Rather late in the day the respective authorities have launched measures designed to shore up confidence in local markets. In Saudi Arabia the bourse has been opened up to foreign buyers for the first time, and not surprisingly after a 30% crash there are very few expatriates interested in buying stocks.
Qatar has taken the more obvious step of holding back future initial public offerings to try to maintain liquidity, and the UAE delayed a rights issue with the same intention and also eased borrowing restrictions for share purchases.
Liquidity crunch
However, with Gulf stock markets alone having soared in total value to well past the one trillion dollar mark, there is a limit on what the authorities can do. Even the $150 million oil surplus expected for the record year 2005 is a drop in the ocean compared with such a figure.A few optimists continue to hope that the Arab stock markets will rebound spontaneously, but there is little historical precedence for a spectacular recovery from such a crash. Indeed, many technical analysts think the markets still have further to fall.
IPO planners remain bullish about their prospects but market realities tell a different tale. Recent new stock issues have dampened liquidity in the market and taken share prices lower.
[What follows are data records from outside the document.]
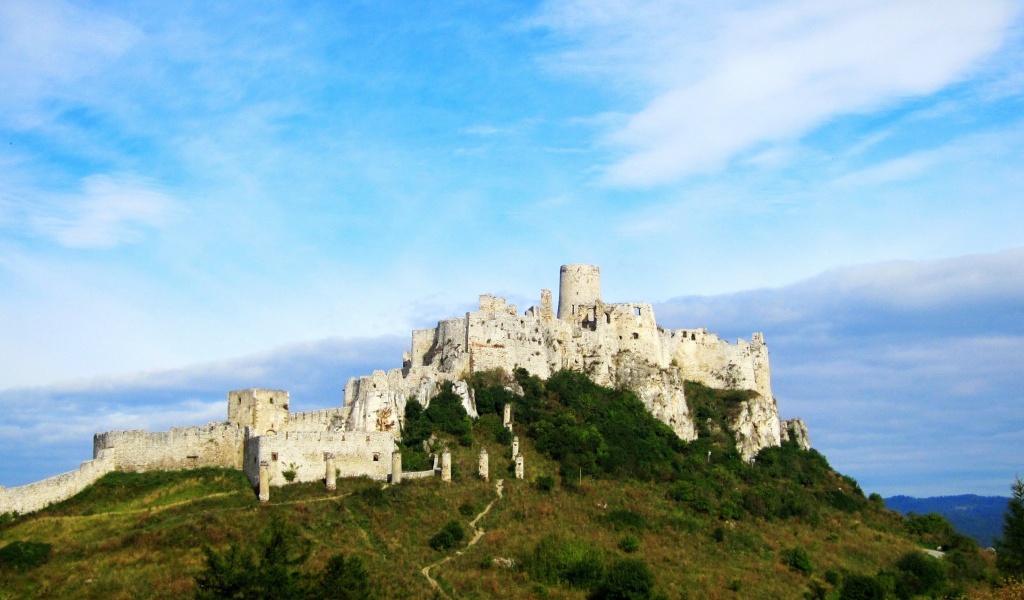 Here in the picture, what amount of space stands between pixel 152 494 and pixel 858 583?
34497mm

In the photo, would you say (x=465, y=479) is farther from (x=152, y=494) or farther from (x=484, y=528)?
(x=152, y=494)

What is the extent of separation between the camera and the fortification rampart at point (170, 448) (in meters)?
51.7

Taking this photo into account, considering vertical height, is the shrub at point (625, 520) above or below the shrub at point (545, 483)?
below

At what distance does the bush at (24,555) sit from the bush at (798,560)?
3575 centimetres

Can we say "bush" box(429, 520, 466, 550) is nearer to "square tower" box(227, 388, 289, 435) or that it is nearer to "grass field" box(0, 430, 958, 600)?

Surely it is the IPO system itself that clearly needs reform and a break in new issues until that is done would allow markets to consolidate around a new base rather than risk depressing them further. In particular, IPO issue prices should be set by market forces, as on the new Dubai International Financial Exchange for example.
IPO alternatives
Indeed, corporate financiers should be looking at alternatives to IPOs such as corporate bond issues or Islamic sukuks. Raising money through IPOs is not the only method available, and equity issues can prove expensive in terms of future dividend payments, especially when sold for a sub-market price.In the meantime, the recent crash of Arab stock markets will cause a slowdown in new projects and an end to some of the more outlandish schemes.
Perhaps the stock markets have actually delivered an important message: that a region can only absorb so much investment at one time and that saturation point has been reached. This is an end to the inflow of post-9/11 cash that has propelled local markets to overvaluation, and the correction phase will now roll-out.